Write out the listing below in full and exactly, leaving out every picture.

⁂

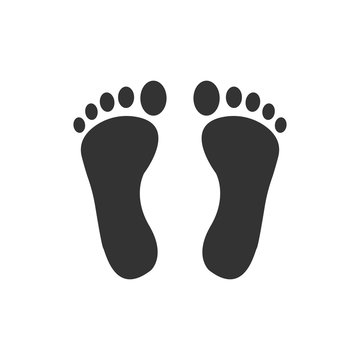 Foot, leg, print icon. Vector illustration, flat design.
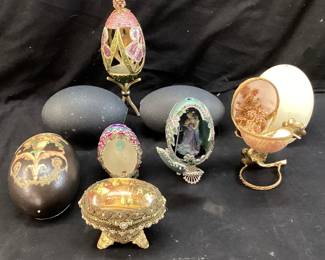 (9) ASSORTED VTG. FABERGE STYLE DECORATIVE EGGS, NOT YET DECORATED PLAIN OSTRICH EGGS, BEDAZZLED ACCENTS, FLORAL PAINTED, LOVE COUPLE DIORAMA, SOME HINGES ON THE TOPS NEED REPAIR, EACH ONE OF A KIND NO SHIPPING PICKUP ONLY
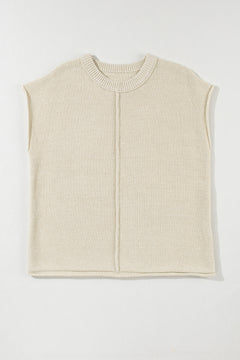 Oatmeal Solid Color Cap Sleeve Knitted Sweater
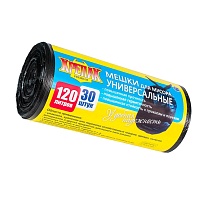 Мешки для мусора 120 л, черные, в рулоне 30 шт., ПНД, 15 мкм, 1100х700 мм, Крепак, 4607075710122 в Бийске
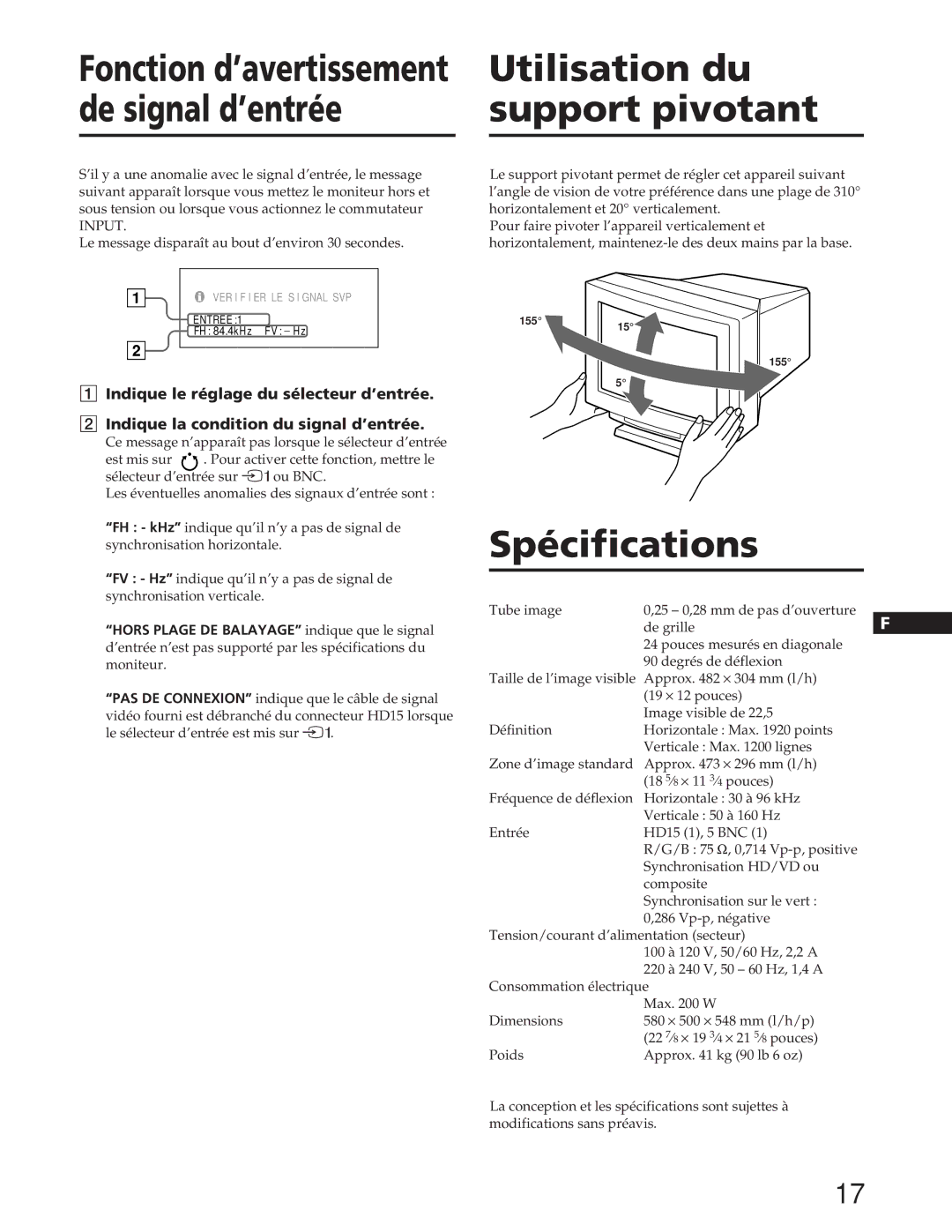 Sony GDM-90W01T manual Utilisation du, De signal d’entrée Support pivotant, Spécifications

⁂

**Output of the task**
 Foot, leg, print icon. Vector illustration, flat design.
 (9) ASSORTED VTG. FABERGE STYLE DECORATIVE EGGS, NOT YET DECORATED PLAIN OSTRICH EGGS, BEDAZZLED ACCENTS, FLORAL PAINTED, LOVE COUPLE DIORAMA, SOME HINGES ON THE TOPS NEED REPAIR, EACH ONE OF A KIND NO SHIPPING PICKUP ONLY
 Oatmeal Solid Color Cap Sleeve Knitted Sweater
 Мешки для мусора 120 л, черные, в рулоне 30 шт., ПНД, 15 мкм, 1100х700 мм, Крепак, 4607075710122 в Бийске
 Sony GDM-90W01T manual Utilisation du, De signal d’entrée Support pivotant, Spécifications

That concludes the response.